§ **Exercise instructions**
Your answer should consist of the lines holding "bedroom", copied from the material below.

________________________

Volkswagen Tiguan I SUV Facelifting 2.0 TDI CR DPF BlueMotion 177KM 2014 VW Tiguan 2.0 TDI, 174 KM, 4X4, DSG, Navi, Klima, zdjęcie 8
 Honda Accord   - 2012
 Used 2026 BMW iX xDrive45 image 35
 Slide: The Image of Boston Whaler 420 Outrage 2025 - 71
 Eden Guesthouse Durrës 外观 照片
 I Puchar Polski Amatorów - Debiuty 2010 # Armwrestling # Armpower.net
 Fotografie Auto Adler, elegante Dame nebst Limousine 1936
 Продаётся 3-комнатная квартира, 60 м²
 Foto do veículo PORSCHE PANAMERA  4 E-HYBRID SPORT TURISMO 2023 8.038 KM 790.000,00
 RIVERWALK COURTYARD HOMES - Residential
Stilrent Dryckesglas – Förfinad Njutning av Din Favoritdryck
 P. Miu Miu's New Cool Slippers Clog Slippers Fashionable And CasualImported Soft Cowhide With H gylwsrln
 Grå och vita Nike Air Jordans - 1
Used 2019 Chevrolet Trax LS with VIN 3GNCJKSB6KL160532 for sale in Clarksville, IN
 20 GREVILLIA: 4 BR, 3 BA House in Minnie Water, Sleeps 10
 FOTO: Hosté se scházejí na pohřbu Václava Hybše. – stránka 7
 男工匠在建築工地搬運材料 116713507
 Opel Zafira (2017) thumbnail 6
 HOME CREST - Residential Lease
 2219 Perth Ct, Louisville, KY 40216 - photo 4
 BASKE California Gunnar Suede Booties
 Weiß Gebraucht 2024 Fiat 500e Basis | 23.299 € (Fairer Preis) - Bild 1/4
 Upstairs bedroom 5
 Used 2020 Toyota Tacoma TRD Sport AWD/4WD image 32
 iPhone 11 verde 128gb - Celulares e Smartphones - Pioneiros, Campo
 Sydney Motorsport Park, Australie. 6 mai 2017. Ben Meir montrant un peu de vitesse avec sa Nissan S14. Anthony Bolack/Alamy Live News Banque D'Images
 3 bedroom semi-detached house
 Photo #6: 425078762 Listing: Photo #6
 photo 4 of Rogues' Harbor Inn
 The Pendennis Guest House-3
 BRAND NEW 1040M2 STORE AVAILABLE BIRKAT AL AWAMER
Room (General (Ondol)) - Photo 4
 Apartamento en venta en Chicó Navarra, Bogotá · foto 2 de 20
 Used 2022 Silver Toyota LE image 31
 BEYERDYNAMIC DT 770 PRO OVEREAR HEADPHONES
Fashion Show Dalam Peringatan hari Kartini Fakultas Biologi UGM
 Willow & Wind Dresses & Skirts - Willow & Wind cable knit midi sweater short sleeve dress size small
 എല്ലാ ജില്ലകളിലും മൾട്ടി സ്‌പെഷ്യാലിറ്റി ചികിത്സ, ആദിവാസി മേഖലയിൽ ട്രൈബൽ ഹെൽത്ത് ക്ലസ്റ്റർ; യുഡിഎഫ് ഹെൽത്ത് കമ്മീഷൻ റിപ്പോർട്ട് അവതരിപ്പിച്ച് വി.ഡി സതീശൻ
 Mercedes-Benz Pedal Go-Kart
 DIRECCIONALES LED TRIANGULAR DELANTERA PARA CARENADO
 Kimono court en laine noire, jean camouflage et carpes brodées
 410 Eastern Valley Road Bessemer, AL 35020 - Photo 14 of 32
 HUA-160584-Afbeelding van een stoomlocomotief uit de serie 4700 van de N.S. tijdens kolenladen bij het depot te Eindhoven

________________________

§ **Your solution**
 Upstairs bedroom 5
 3 bedroom semi-detached house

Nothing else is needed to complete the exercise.